Saturday, 6 July 2013

Let's cut the policeman who shot criminal suspect Azelle Rodney some slack

It would be interesting to know what proportion of the audience for yesterday’s radio and television news reports about the circumstances surrounding the shooting by a policeman of criminal suspect Azelle Rodney found it rather hard to summon feelings of either outrage or compassion on behalf of the dead man and his family. Around three-quarters, I suspect – the remaining quarter would probably consist of 5% loonies and 20% liberals (although there’s probably quite a large overlap in those two groups).

At the time of the 2005 shooting in Edgware (an execution, according the his mother), Rodney was a passenger in a car with members of a drugs gang who were apparently on their way to steal drugs from a rival Colombian gang.

I’m not in favour of trigger-happy policemen gunning down innocent people without just cause – but if you choose to travel in a car with armed criminals on their way to commit a crime, then it strikes me that anything untoward that happens to you is rather your own damned fault.

The BBC and Channel 4 reports, which heavilyy featured the dead man's righteously angry mother, Susan Alexander – she rather skated over the issue of her son’s chosen lifestyle or her own role in his evidently imperfect upbringing – seemed blatant attempts to create a sort of Doreen Lawrence substitute. The only problem with this approach is that Stephen Lawrence had done absolutely nothing whatsoever to invite his death at the hands of a gang of vile white thugs, and Doreen Lawrence evidently deserved our sympathy as surely as she and her family deserved justice: I’m not convinced we’re going to see Susan Alexander carrying the flag alongside Shami Chakrabarti at a major international sporting ceremony anytime soon.

After High Court judge Sir Christopher Holland yesterday released his findings that there was “no lawful justification” for Rodney’s killing, Ms (Mrs?) Alexander stated that Azelle’s death was “wholly avoidable”. I couldn’t agree more with her – he might very well still be alive if he hadn’t chosen to ride around in a car with gun-toting gangsters. She also demanded an apology from the Met Commissioner Sir Bernard Hogan-Howe. Given that he currently has to spend so much of his time in meetings with Doreen Lawrence, and given that those of us who aren’t involved in criminal activities would rather prefer him to be concentrating on keeping us safe, I’m hoping Sir Bernard will politely decline her request. After all, I doubt whether he's a professional grief counsellor.

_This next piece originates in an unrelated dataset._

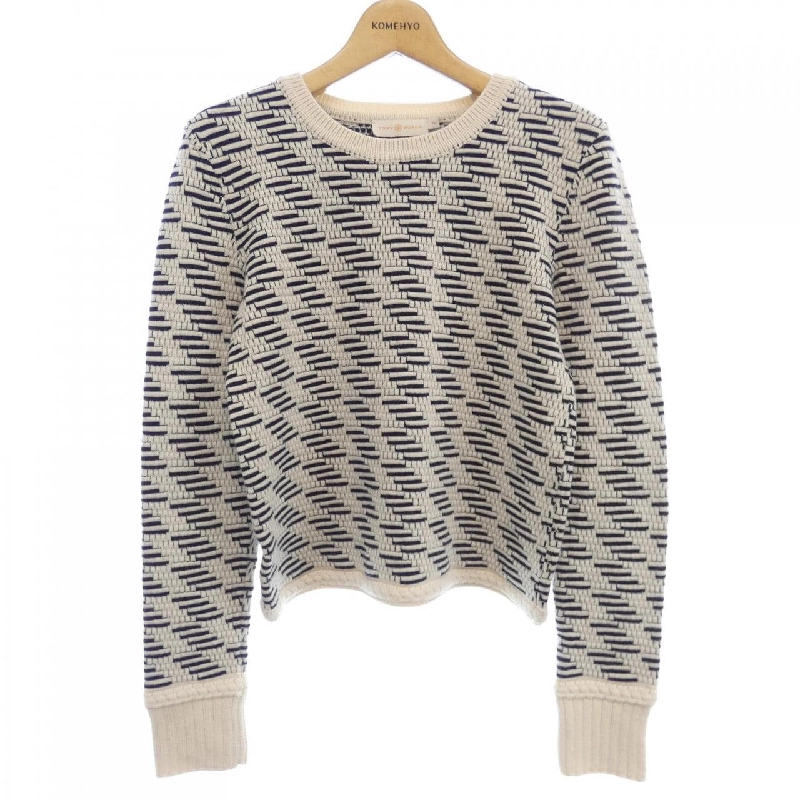 TORY BURCH ニット 630108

As for the unfortunate officer who shot Rodwell – only identified as E7 – I see no reason to reject his testimony that he believed Rodwell was reaching for a gun, possibly an automatic weapon, and that his life might therefore be in danger. Whether he was justified in that belief or not is a moot point. In his intriguing Blink: The Power of Thinking Without Thinking, journalist Malcolm Gladwell wondered if a state of temporary autism might afflict some people in a state of high tension – in other words, a rush of adrenalin temporarily affects the brain's ability to accurately interpret signals: this may be why officers quite often mistake, for example, the chair legs or toy guns being wielded by the mentally disturbed for dangerous weapons. It sounds suspiciously as this is what happened in the Azelle Rodney shooting. Obviously, this is no defence – part of being an effective armed copper or a soldier must be the ability not to give way to that sort of mental malfunction. But as most of us have never been in a situation where we have to decide within a fraction of a second whether or not our life is being threatened, I hope the ridiculous threat to charge E7 with murder is lifted swiftly – let’s cut the people who are watching our backs some slack.

Anyway, I'm sure Sir Christopher Holland is feeling very pleased with himself this weekend for having sided with a victim as evidently deserving as Azelle Rodney.

1 comment:

  1. I had never heard of Gladwell's temporary autism theory. I don't think I've ever acted completely instinctively on anything and yet on the only occasion I witnessed a killing - a messy al fresco hit in a restaurant in Bratislava - I ran towards the gunman. It's been puzzling me ever since.